What is required
All the lines below need retyping exactly, apart from the images.

Data excerpt

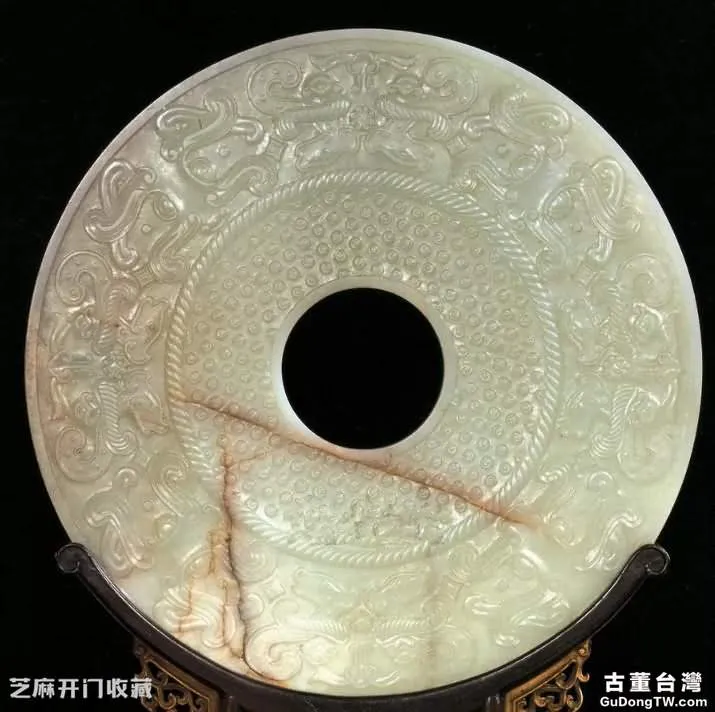 古玉沁色是什麼意思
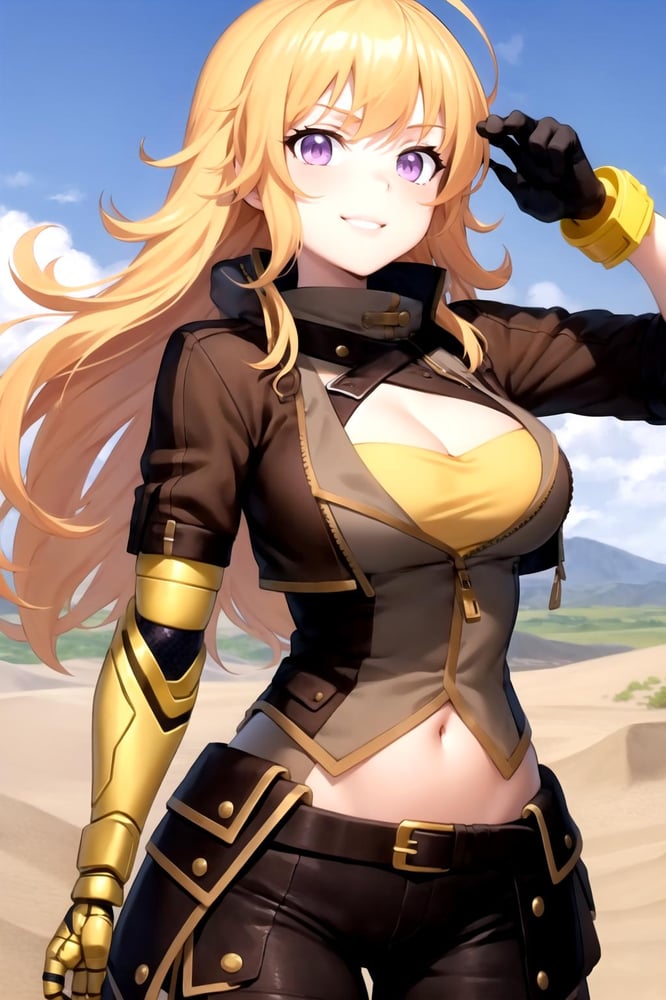 Yang xiao long - AI LoRA model on PixAI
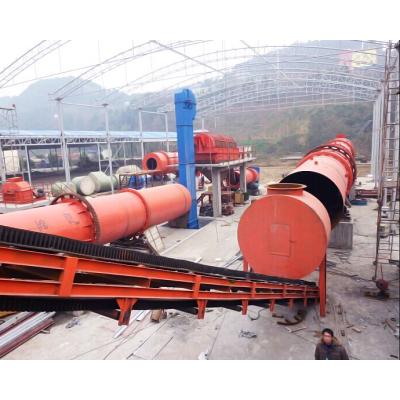 China energy & Mining Professional Compost Fertilizer Production Line With High Capacity Fertilizer Production Line for sale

Answer box
 古玉沁色是什麼意思
 Yang xiao long - AI LoRA model on PixAI
 China energy & Mining Professional Compost Fertilizer Production Line With High Capacity Fertilizer Production Line for sale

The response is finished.